In keinem anderen europäischen Land stieg damit die Unzufriedenheit so stark an wie in Deutschland. Mit 56 Prozent äußerte sich allerdings immer noch eine klare Mehrheit zufrieden über den Stand der Demokratie in der Bundesrepublik.
Nährboden für populistische Parteien
In Europa ist laut der Studie die Demokratie-Unzufriedenheit besonders in jenen Ländern hoch, in denen eine negative Sicht auf die EU weit verbreitet ist. Den gleichen Zusammenhang sehen die Autoren in den Ländern, die besonders kritisch der Migration gegenüberstehen. Was die Parteien betrifft, ist die Unzufriedenheit mit der Demokratie besonders unter Anhängern populistischer Parteien hoch.
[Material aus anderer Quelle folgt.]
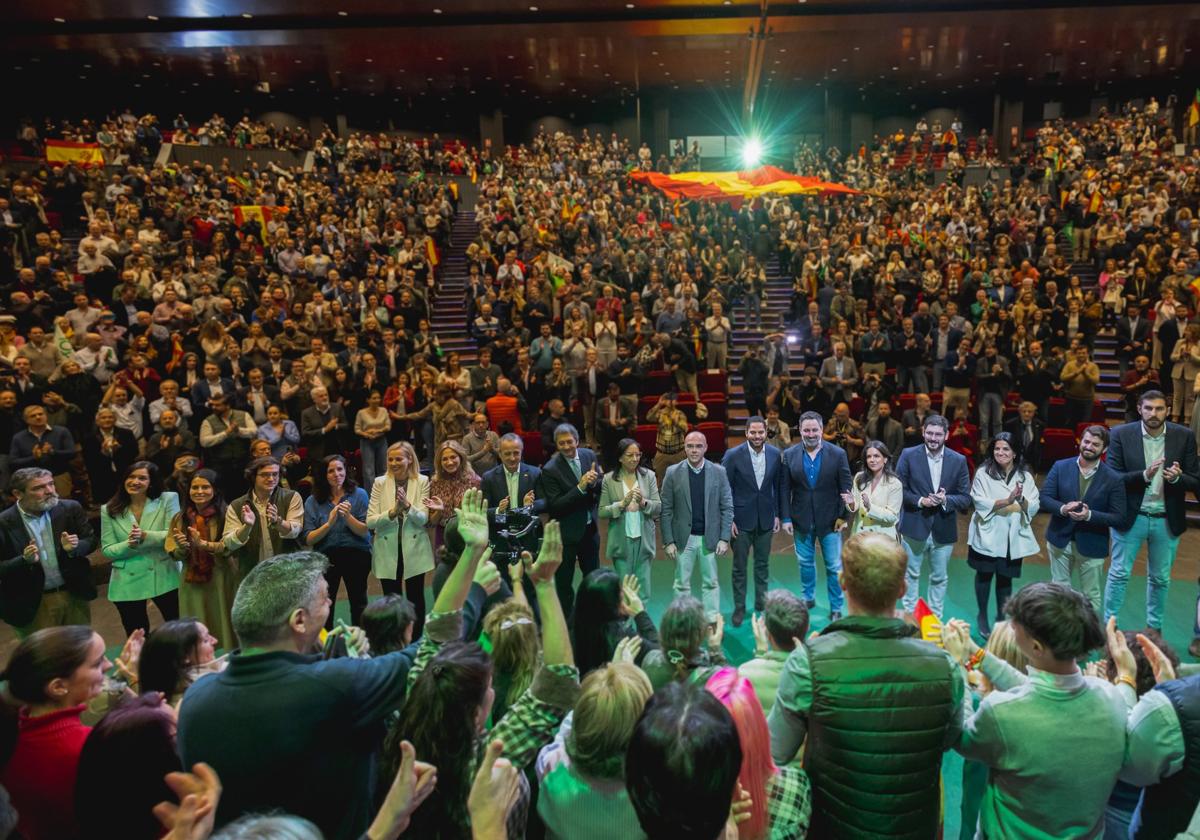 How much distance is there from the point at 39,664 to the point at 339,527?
3009mm

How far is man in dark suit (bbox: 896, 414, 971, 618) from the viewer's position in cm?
534

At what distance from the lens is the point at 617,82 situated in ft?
82.6

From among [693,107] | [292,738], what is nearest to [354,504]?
[292,738]

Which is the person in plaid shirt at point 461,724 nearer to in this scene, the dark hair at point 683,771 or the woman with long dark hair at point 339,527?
the dark hair at point 683,771

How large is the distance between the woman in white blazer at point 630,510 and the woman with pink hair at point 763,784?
131 inches

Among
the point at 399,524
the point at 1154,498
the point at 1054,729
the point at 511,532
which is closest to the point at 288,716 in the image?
the point at 1054,729

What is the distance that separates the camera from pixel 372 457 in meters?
8.00

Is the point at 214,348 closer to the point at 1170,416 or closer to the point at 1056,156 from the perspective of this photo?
the point at 1170,416

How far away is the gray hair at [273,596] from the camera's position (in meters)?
1.92

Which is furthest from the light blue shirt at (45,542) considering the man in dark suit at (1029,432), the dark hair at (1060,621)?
the man in dark suit at (1029,432)

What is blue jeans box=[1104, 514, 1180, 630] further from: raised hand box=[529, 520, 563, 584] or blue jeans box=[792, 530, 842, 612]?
raised hand box=[529, 520, 563, 584]

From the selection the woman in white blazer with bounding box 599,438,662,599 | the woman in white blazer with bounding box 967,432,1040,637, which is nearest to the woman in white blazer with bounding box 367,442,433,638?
the woman in white blazer with bounding box 599,438,662,599

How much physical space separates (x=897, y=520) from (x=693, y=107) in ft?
89.6

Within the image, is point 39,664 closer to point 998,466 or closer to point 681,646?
point 681,646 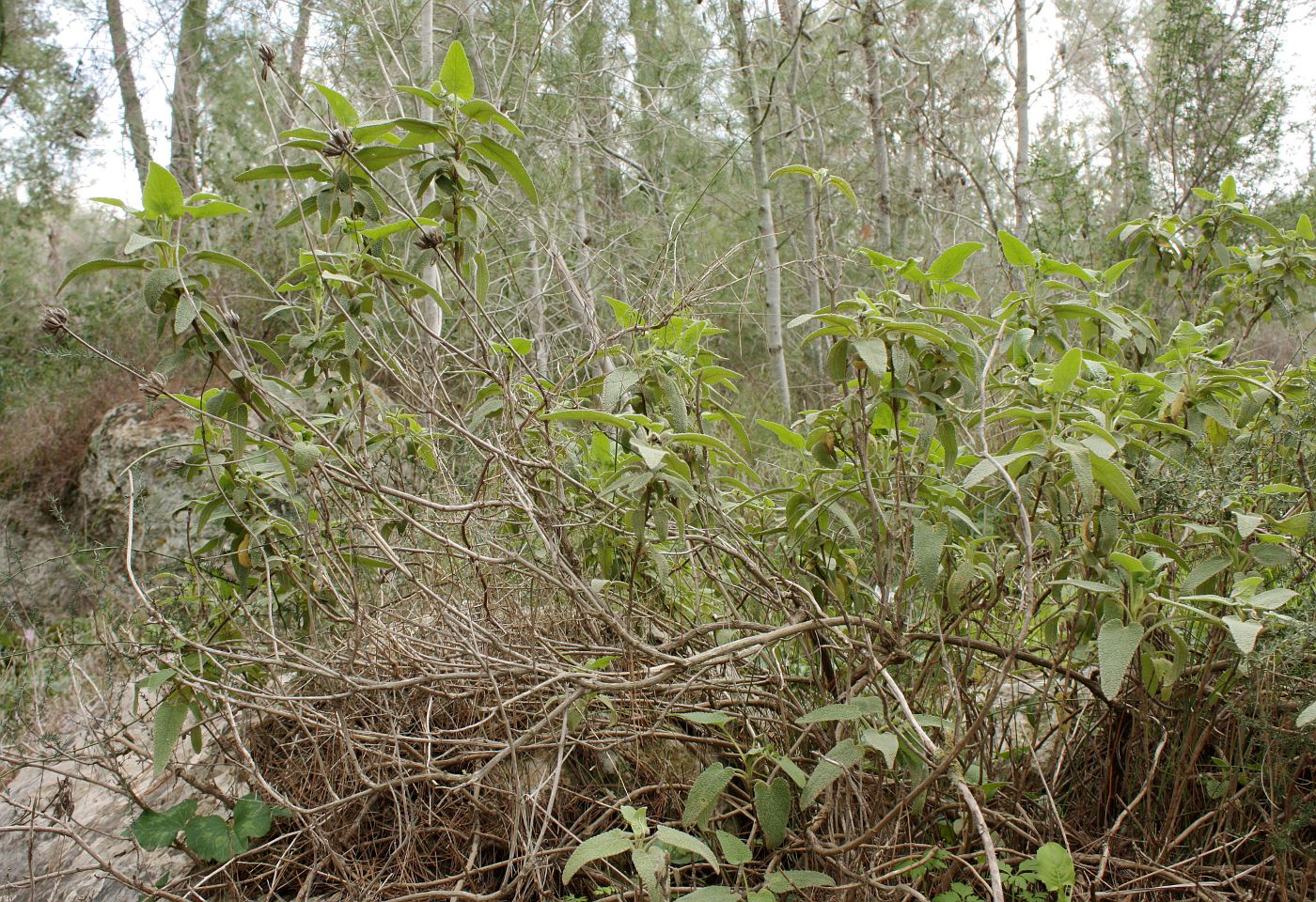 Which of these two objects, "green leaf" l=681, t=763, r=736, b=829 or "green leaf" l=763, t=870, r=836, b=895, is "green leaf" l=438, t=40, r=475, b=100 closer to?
"green leaf" l=681, t=763, r=736, b=829

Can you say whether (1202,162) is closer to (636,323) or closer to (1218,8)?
(1218,8)

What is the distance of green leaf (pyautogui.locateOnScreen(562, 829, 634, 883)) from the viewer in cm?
131

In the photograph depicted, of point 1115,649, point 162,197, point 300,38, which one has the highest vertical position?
point 300,38

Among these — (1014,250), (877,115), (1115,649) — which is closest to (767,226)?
(877,115)

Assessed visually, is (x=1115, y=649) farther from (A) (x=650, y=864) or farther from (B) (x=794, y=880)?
(A) (x=650, y=864)

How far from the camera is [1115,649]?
4.68 feet

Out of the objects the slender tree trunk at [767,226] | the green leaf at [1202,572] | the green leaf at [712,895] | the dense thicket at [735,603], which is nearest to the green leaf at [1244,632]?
the dense thicket at [735,603]

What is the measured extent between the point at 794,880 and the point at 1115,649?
2.13 feet

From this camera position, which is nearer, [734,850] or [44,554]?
[734,850]

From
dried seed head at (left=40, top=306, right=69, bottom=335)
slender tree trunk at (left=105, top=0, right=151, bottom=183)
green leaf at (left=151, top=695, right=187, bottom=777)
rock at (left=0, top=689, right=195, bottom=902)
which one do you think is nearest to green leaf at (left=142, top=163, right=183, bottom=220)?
dried seed head at (left=40, top=306, right=69, bottom=335)

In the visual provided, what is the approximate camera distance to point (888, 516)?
180cm

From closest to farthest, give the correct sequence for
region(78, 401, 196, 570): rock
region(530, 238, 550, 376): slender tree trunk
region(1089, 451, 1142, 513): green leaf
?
1. region(1089, 451, 1142, 513): green leaf
2. region(530, 238, 550, 376): slender tree trunk
3. region(78, 401, 196, 570): rock

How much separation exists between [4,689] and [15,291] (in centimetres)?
770

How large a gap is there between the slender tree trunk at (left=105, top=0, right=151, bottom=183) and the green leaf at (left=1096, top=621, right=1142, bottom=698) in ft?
31.2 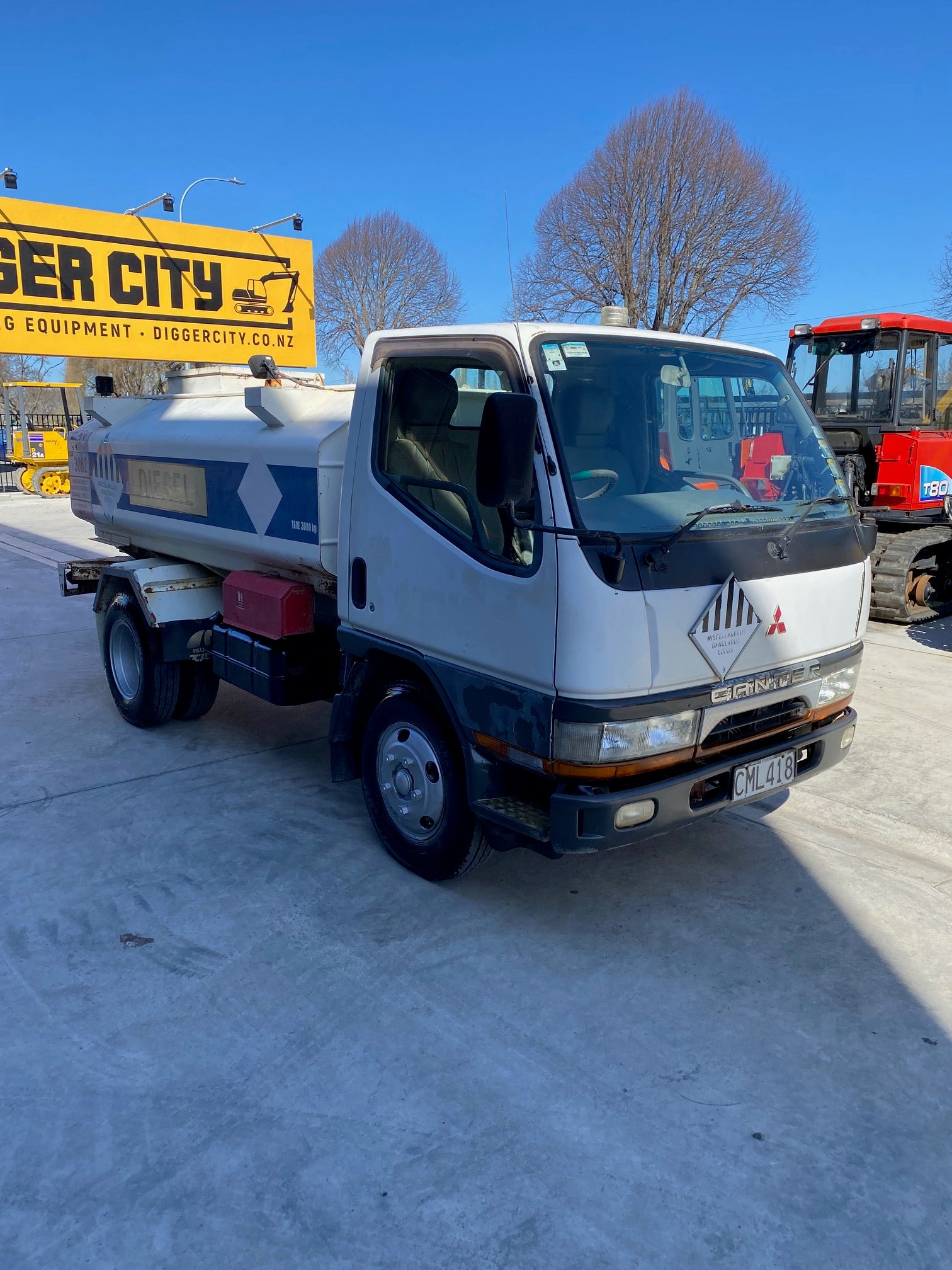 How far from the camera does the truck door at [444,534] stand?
335 cm

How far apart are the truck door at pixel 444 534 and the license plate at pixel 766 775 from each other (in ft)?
2.97

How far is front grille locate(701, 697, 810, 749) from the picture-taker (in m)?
3.60

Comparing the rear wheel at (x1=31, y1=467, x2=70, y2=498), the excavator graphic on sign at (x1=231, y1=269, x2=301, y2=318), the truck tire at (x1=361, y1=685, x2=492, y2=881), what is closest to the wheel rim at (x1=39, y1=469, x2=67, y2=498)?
the rear wheel at (x1=31, y1=467, x2=70, y2=498)

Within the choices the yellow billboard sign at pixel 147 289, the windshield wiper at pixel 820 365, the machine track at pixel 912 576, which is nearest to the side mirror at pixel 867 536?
the machine track at pixel 912 576

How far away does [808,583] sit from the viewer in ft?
12.2

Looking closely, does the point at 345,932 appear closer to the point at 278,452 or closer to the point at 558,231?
the point at 278,452

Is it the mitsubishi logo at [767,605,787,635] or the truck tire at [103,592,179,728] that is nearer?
the mitsubishi logo at [767,605,787,635]

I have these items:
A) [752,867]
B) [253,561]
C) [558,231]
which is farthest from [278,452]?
[558,231]

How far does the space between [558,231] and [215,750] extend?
23.3 metres

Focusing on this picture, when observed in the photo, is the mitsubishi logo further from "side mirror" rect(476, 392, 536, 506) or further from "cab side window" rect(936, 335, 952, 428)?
"cab side window" rect(936, 335, 952, 428)

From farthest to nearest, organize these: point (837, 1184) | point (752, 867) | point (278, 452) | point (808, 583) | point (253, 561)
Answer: point (253, 561), point (278, 452), point (752, 867), point (808, 583), point (837, 1184)

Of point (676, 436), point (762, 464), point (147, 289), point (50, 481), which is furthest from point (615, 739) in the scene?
point (50, 481)

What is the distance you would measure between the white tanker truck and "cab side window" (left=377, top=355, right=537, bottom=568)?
10 mm

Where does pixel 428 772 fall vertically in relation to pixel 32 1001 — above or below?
above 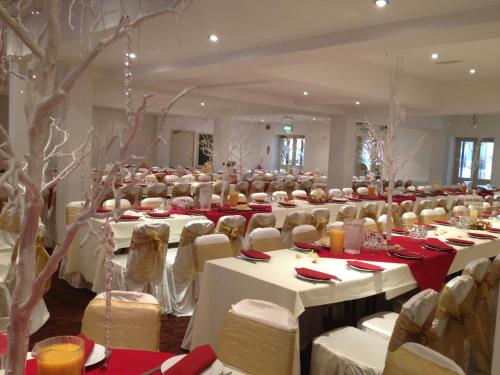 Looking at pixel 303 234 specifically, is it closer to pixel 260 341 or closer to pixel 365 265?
pixel 365 265

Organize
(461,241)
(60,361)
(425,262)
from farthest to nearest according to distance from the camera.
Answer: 1. (461,241)
2. (425,262)
3. (60,361)

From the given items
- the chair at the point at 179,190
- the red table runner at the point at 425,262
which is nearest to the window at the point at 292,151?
the chair at the point at 179,190

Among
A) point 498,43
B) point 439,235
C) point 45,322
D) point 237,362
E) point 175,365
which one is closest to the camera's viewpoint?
point 175,365

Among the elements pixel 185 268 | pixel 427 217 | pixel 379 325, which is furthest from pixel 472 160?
pixel 379 325

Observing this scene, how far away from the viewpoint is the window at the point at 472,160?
15406 mm

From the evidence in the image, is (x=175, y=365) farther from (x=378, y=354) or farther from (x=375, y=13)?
(x=375, y=13)

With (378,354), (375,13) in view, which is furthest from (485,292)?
(375,13)

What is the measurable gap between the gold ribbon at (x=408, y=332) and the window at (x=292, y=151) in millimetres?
18058

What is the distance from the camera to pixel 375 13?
14.1 feet

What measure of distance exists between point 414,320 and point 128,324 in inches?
52.0

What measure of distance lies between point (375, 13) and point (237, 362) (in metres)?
3.54

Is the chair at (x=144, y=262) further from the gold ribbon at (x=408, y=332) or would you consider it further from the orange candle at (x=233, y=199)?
the gold ribbon at (x=408, y=332)

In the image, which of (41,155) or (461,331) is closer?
(41,155)

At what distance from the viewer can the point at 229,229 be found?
14.4 ft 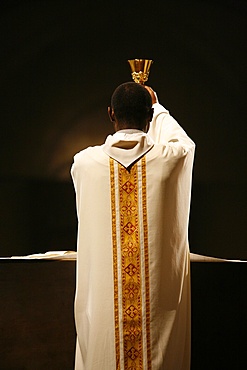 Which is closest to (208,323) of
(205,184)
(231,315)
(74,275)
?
(231,315)

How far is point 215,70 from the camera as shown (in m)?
4.68

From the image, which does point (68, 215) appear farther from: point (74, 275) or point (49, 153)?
point (74, 275)

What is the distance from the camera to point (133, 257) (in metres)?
2.83

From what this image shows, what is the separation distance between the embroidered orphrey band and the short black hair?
145mm

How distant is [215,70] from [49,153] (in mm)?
1131

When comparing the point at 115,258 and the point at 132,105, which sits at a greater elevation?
the point at 132,105

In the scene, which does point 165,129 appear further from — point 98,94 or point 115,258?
point 98,94

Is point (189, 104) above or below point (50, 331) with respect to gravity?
above

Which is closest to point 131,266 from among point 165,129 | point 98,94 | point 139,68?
point 165,129

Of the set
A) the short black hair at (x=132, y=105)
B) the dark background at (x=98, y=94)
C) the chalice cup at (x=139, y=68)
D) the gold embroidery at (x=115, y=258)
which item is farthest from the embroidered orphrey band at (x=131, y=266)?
the dark background at (x=98, y=94)

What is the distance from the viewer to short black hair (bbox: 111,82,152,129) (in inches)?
111

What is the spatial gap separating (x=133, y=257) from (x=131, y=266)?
0.03m

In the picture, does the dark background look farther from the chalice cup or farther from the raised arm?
the raised arm

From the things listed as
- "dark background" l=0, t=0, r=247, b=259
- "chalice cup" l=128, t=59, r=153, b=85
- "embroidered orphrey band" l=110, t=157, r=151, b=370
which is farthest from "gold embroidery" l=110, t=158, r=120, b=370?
"dark background" l=0, t=0, r=247, b=259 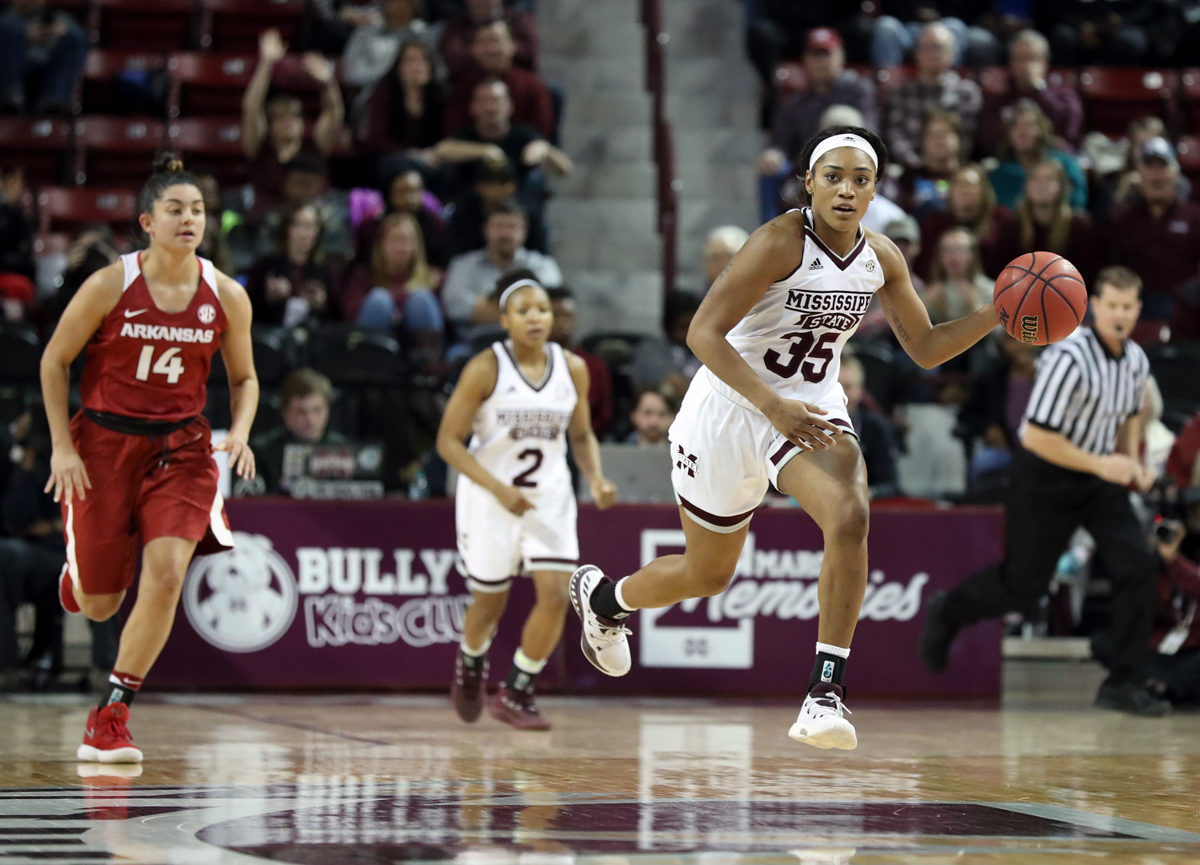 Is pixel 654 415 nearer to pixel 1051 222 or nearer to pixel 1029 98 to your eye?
pixel 1051 222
Zudem trägt auch steigende wirtschaftliche Unzufriedenheit zu steigender Kritik an der Demokratie bei.
Ohne die Fokussierung der AfD auf die Flüchtlingspolitik wäre ihr Einzug in den Bundestag fraglich gewesen. Zudem steht die Partei der EU sehr kritisch gegenüber. Daher überrascht es kaum, dass 69 Prozent der AfD-Sympathisanten unzufrieden mit der Demokratie in Deutschland sind. Bei jenen Befragten, die der rechtspopulistischen Partei ablehnend gegenüberstehen, waren es hingegen nur 37 Prozent. Auch in mehreren anderen europäischen Staaten war die Unzufriedenheit unter Befürwortern populistischer Parteien besonders ausgeprägt.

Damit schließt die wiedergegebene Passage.